Com efeito, o conceito legal de pequena propriedade -objeto principal da pretendida regularização- é o de quatro módulos fiscais (na região, em geral 400 hectares). Como a lei prevê que propriedades na Amazônia mantenham intocados 80% da mata, sobrariam para uso 300 desses 1.500 hectares, o que não cabe chamar de latifúndio.
Não soa absurdo que Lula tenha optado por uma extensão mais ao agrado do interesse dos agricultores. De todo modo, as posses entre 400 ha e 1.500 ha são só 10% dos imóveis, ou 12% da área em questão, nada que ofusque o mérito da iniciativa.

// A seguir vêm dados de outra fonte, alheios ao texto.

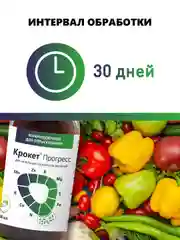 Крокет Прогресс, удобрение для начальных этапов развития растения и рассады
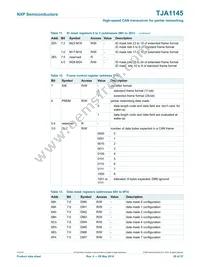 TJA1145TK/FDJ Datasheet Page 20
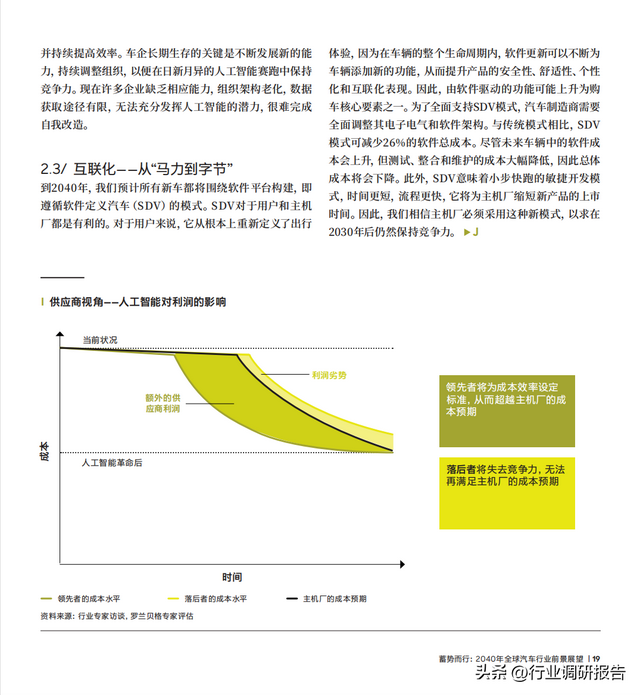 2040年全球汽车行业前景展望：自动驾驶、AI、大数据、智能与电动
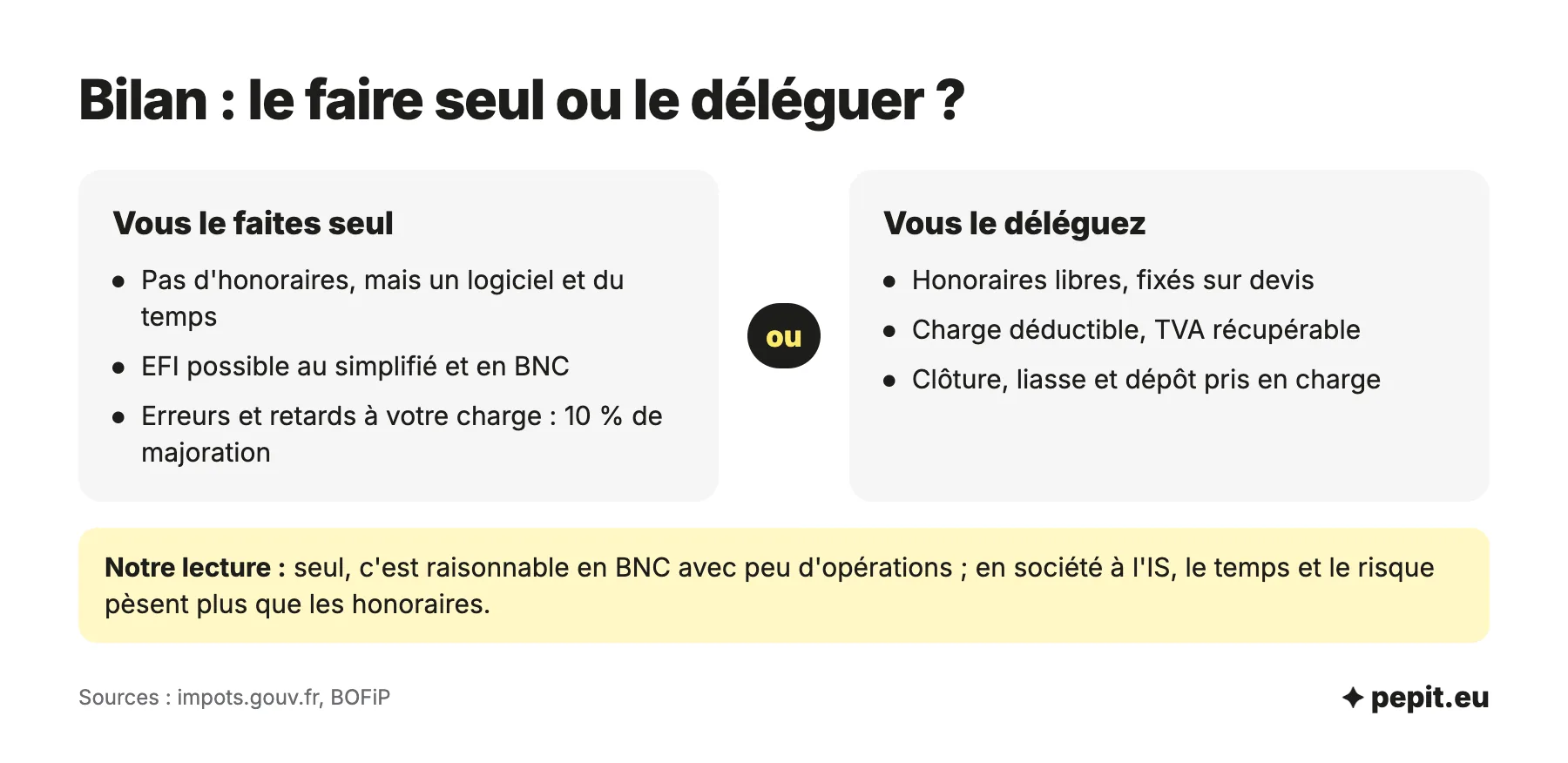 Prix d'un bilan comptable fait seul ou délégué : temps, logiciel et risque de majoration d'un côté, honoraires sur devis déductibles de l'autre.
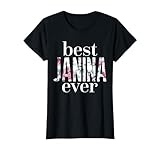 Sprüche Geschenke Name Personalisiert für Vornamen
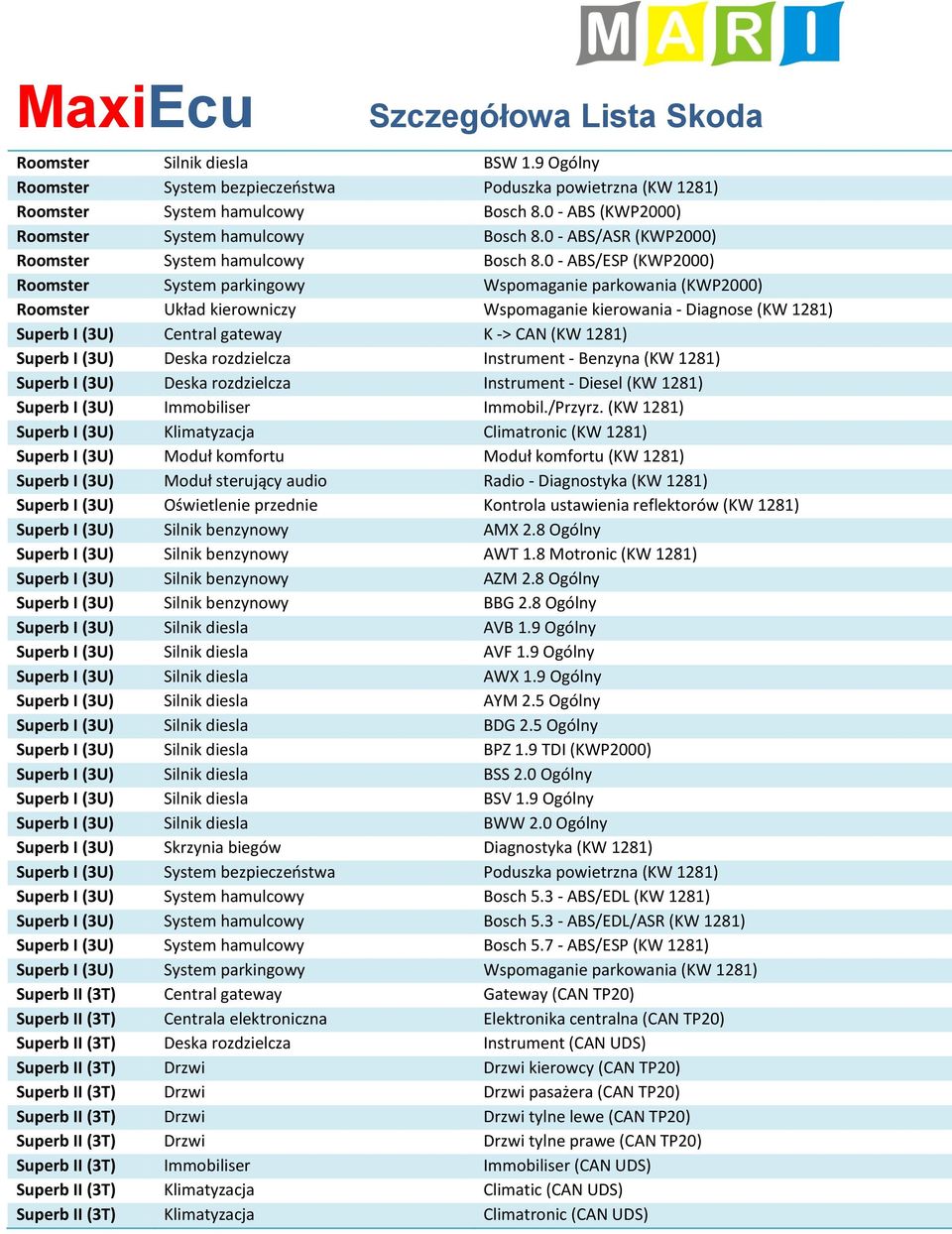 0 - ABS/ESP (KWP2000) Roomster System parkingowy Wspomaganie parkowania (KWP2000) Roomster Układ kierowniczy Wspomaganie kierowania - Diagnose (KW 1281) Superb I (3U) Central gateway K -> CAN (KW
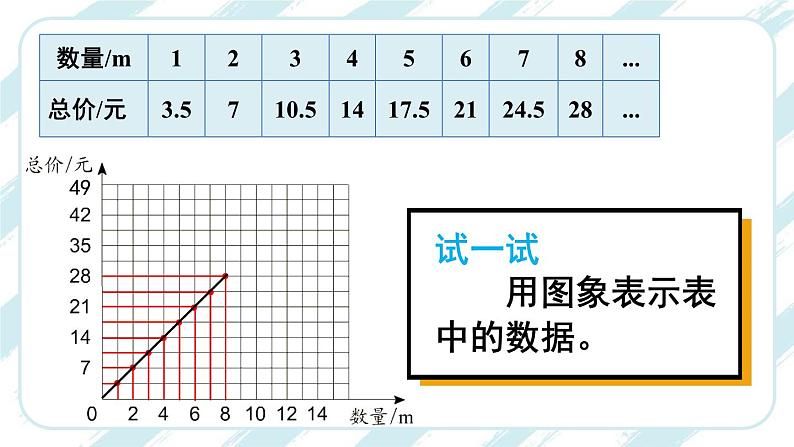 正比例关系图象-人教版数学六年级下册课件PPT03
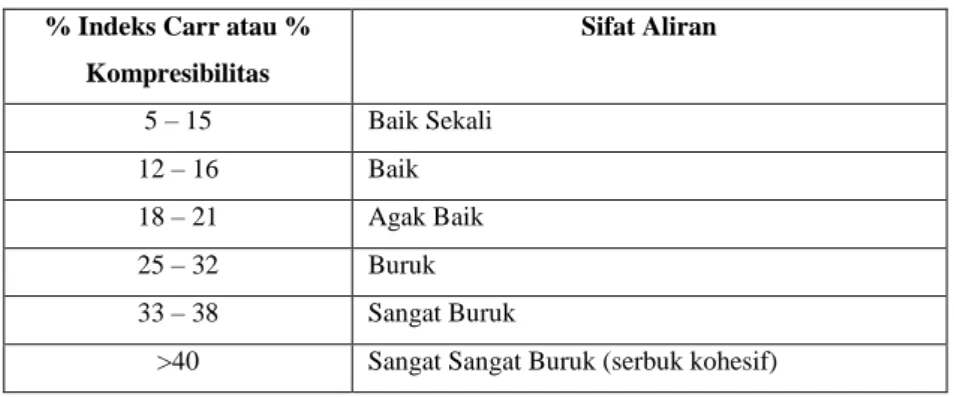 Tabel I. Hubungan Indeks Carr dan Mampu Alir Serbuk  (Siregar dan Wikarsa, 2010) 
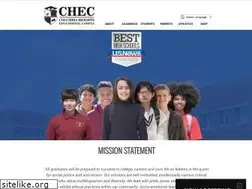 Sites similar to checdc.org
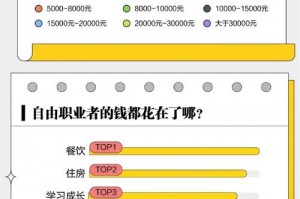 dnf魔道学者适合平民吗—dnf魔道学者用什么武器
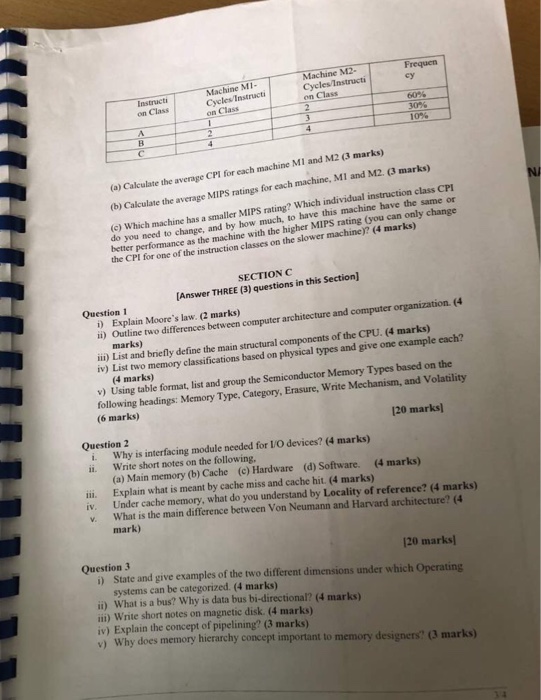  Frequen Machine M2- Instructi on Class Machine MI CyclevInstructi on Class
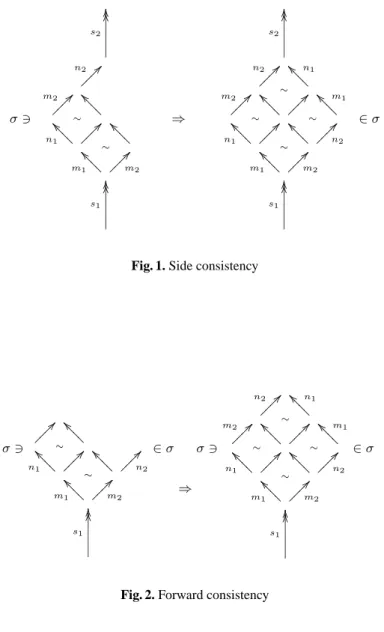 Fig. 2. Forward consistency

Há pontos mais polêmicos na medida aprovada, e eles foram introduzidos na Câmara. O texto, mantido no Senado, prevê que terras da União também sejam tituladas para pessoas jurídicas e por meio de prepostos. Sua venda poderia ocorrer após três anos. Não parece haver dúvida de que tais dispositivos abrem brechas para desmembrar de modo fraudulento posses maiores que 1.500 ha.
Há que levar em conta, porém, que nesses casos a alienação será onerosa e realizada por meio de licitação. Não se pode falar, portanto, de doação de patrimônio público. Além disso, fixar um prazo mais dilatado para venda, como os dez anos exigidos dos minifúndios regularizados sem ônus, não impedirá a proliferação de contratos de gaveta na Amazônia -precisamente o oposto da ordenação jurídica que se pretende alcançar.
A ala ruralista do Senado, liderada pela relatora Kátia Abreu (DEM-TO), abriu mão de alterações ainda mais permissivas, para evitar novas votações e a perda de validade da MP. Já os vetos defendidos pela senadora Marina Silva (PT-AC) foram derrotados no plenário. É improvável que o Planalto os aceite.
A medida provisória sobre a mesa presidencial pode não ser a ideal para passar uma régua na balbúrdia fundiária que impera na Amazônia, mas surge como o compromisso político possível em meio ao antagonismo que costuma paralisar todo e qualquer debate sobre a região.
Um avanço, sem dúvida.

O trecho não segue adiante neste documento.